CRITIQUE DE
THE BLACK DAHLIA/LE DAHLIA NOIR
Hollywood interdite
Serait-ce l’œuvre que le public et le réalisateur Brian De Palma attendaient depuis longtemps? La rédemption d’une carrière en dents de scie, avec plusieurs années de vaches maigres? Partiellement. Dire que De Palma (Scarface; Untouchables; Carrie) a enfin trouvé son Pygmalion serait très exagéré, mais il tire plutôt bien les ficelles d’un roman étoffé et lourd de James Ellroy. Le même Ellroy qui avait écrit L.A. interdite, réalisé par Curtis Hanson.

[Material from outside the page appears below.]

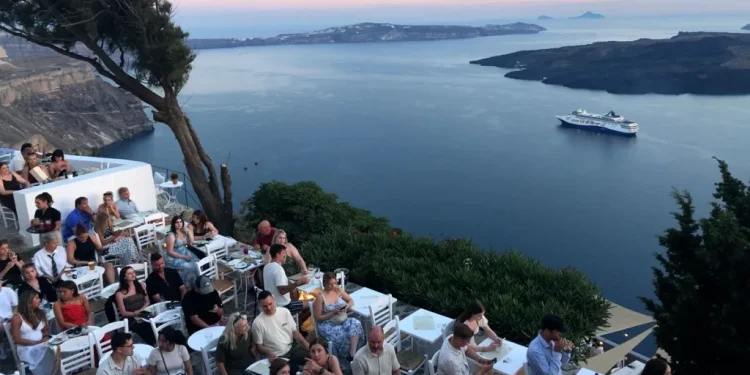 Grecia: albergatori denunciano carenza infrastrutture, non overtourism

La comparaison fera souffrir le film the Black dahlia.
L’auteur a imaginé une enquête à Hollywood autour d’un fait divers véridique, où une jeune actrice a trouvé la mort de façon abominable (je vous ferai grâce des détails). Le meurtrier ne fut jamais retracé. De ce point de départ sordide, Ellroy et Josh Friedman (« l’adaptateur ») ont échafaudé un complot beaucoup plus grand qui touche les hautes sphères, autant artistiques que financières, de la ville du cinéma. L’enquête est menée par deux pugilistes devenus policiers, Lee Blanchard et Bucky Bleichert (Eckhart et Hartnett) qui feront tout pour trouver les coupables et (dé)masquer la vérité. Cette histoire minera leur amitié et celle de la femme de Blanchard (Scarlett Johansson) qui se retrouvera prise entre deux feux.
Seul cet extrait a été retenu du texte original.